The region of the source of the Niger is the land of heavy rainfall, and the slopes of the mountain ranges are channelled by innumerable cascades, rivulets, brooks, and rivers that carry off the heavenly overflow. These countries of the Upper Niger are radiant. Tropical vegetation spreads over them with the utmost prodigality. The river flings itself headlong over the entire low-lying region between Biafaraba and Timbuctoo, covering it and swamping it, until a steppe of barren sand becomes one of the most fertile spots in the universe. The Niger is to the Sudan what the Nile is to Egypt; but we find there not one delta, as in Egypt, but three. Thus a most complete system of irrigation is formed, and fertility is spread over thousands of square miles. The rise and fall of the waters is as regular as that of the Nile, and an infinitely greater distance is covered.

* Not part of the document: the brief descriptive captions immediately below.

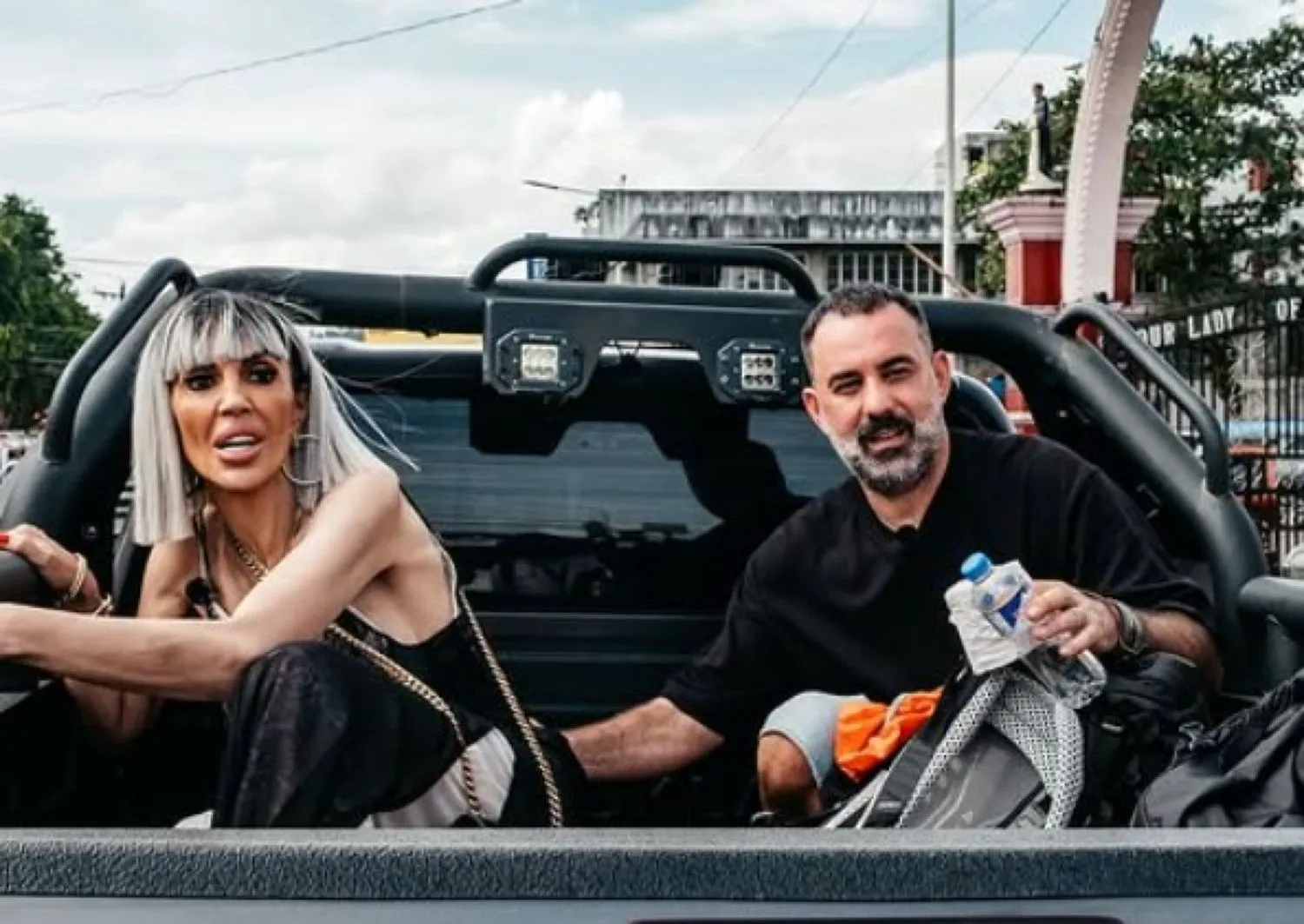 Raluca Bădulescu povestește cu umor despre ținutele purtate la Asia Express. „Auzi, dar ești domnișoară de onoare?”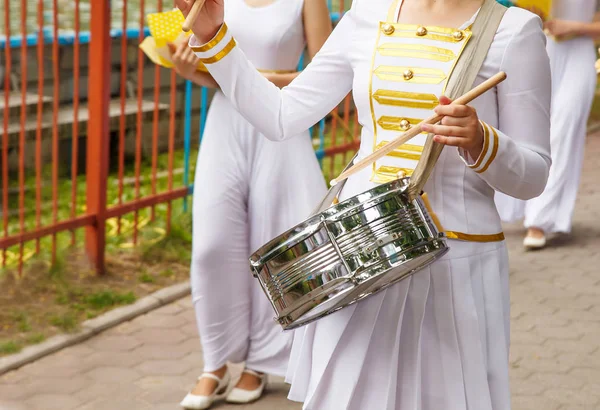 Groep Van Meisjes Drummers Parade Een Stad Straat Lichaam Delen — Stockfoto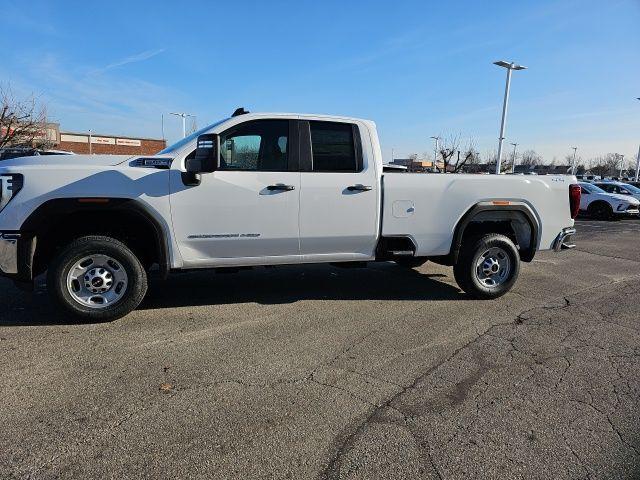 new 2025 GMC Sierra 2500 car, priced at $52,427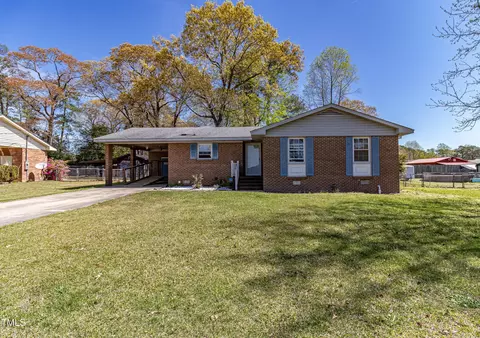 1631 Eastwood Dr, Kinston, NC 28504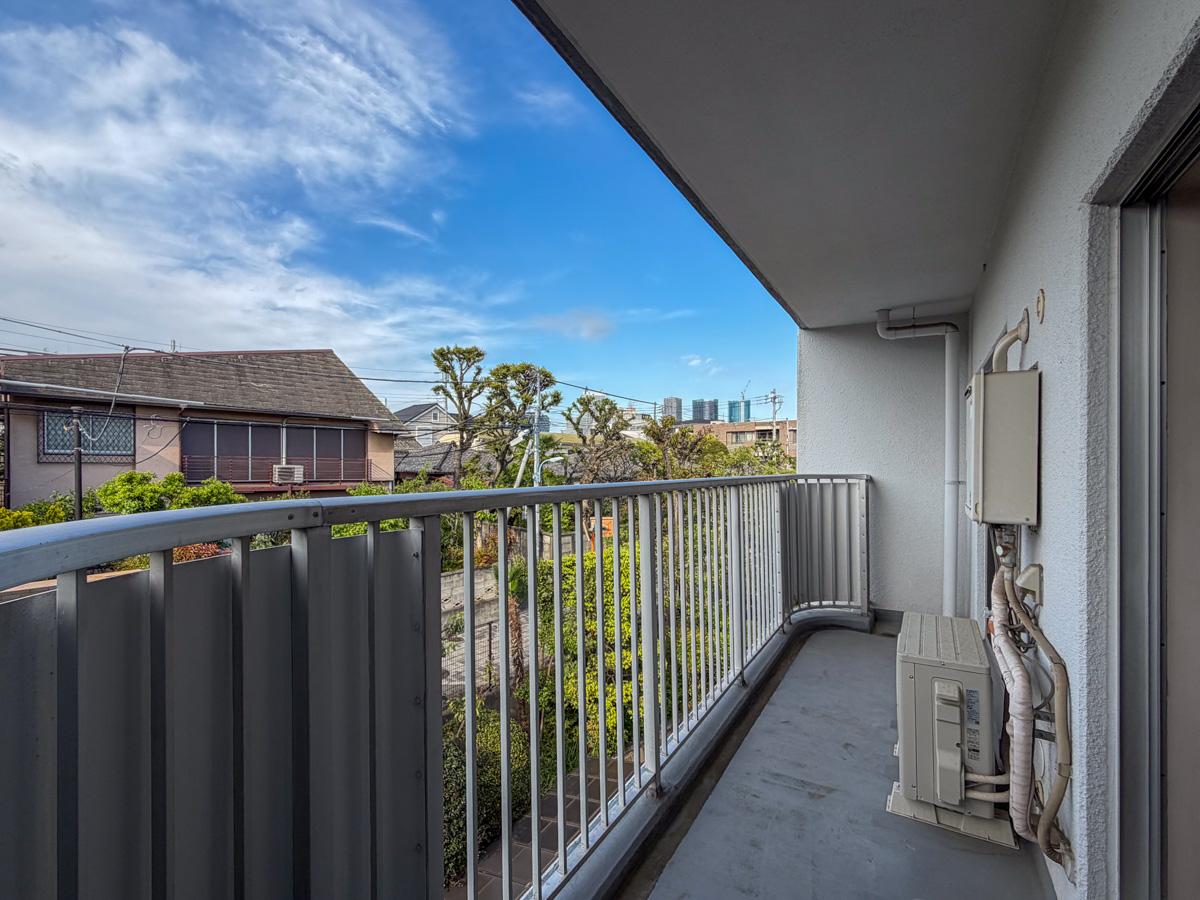 東京都新宿区下落合の賃貸物件/南側と同じくゆとりのあるバルコニー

Bammaku is an important strategic centre, from which it is easy to send reinforcements to any part of the Sudan that may be momentarily threatened. This precaution is wise, for we do not really know how far we are masters of this splendid country, which is many times larger than France, and contains from ten to fifteen millions of people. There are only 600 Europeans, including officers and other officials, and 4,000 negroes are enrolled as foot-soldiers, cavalry, and transport bearers, while it requires an army of 40,000 men to maintain order in Algeria, about a fourth of the size of the Sudan.

Apart from the fertility of the soil for cereal crops, there are three kinds of trees which grow abundantly everywhere. The most interesting is the karita, or butter-tree, from the nuts of which a vegetable butter is extracted with all the delectable flavour of chocolate. Throughout the whole of the Sudan no other fatty substance is used. The second tree is the flour tree. The flour is enclosed in large pods, is of a yellow colour, rich in sugar, and is used in the manufacture of pastry and confectionery. The third is the cheese-tree, called baga by the natives, from the capsules of which a fine and brilliant vegetable silk is yielded. The principal articles of commerce sent by Bammaku to Timbuctoo are the products of these trees, gold, and kola-nuts.

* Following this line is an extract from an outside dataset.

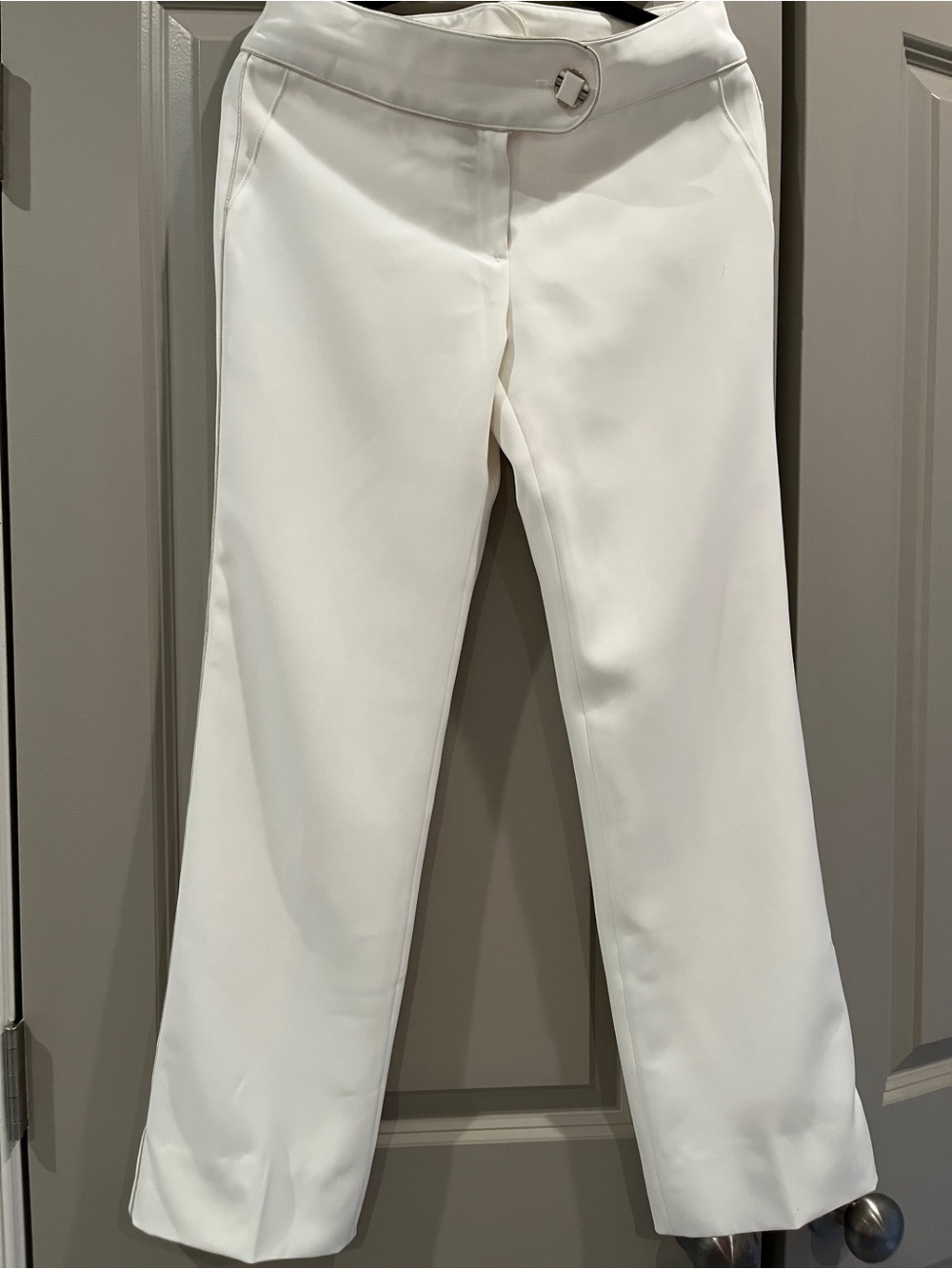 Valentino White Wide-Leg Cropped Pants with Buckle Waist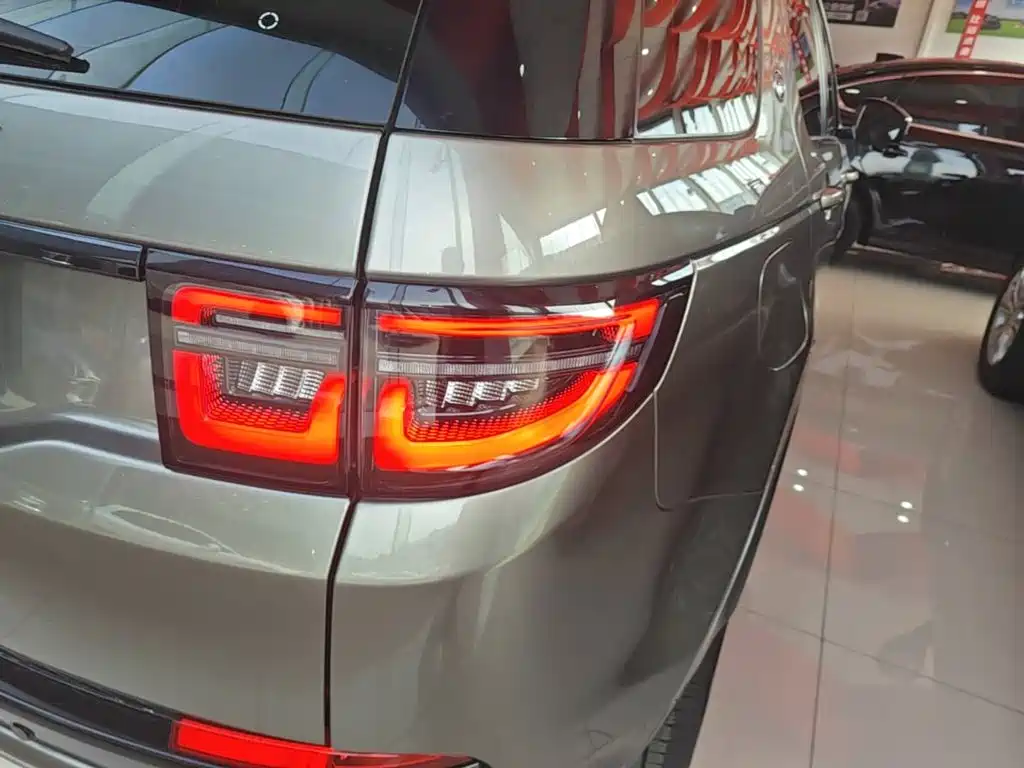 Land Rover Discovery Sport — миниатюра 8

In the voyage up the river beyond Bammaku we passed the districts in which the principal towns are Nyamina, Sansanding, and Segu, in which are the large cotton-fields, from the produce of which the beautiful fabrics known as pagnes de Segu are made, which are in great request in Senegal and the markets of Timbuctoo. Near Segu is an establishment known as the School of Hostages, instituted by the explorer Faidherbe for the education of the sons of kings and chiefs of Senegambia, to enable them to take part in home government, or to enter the civil and military services of Senegal and Sudan.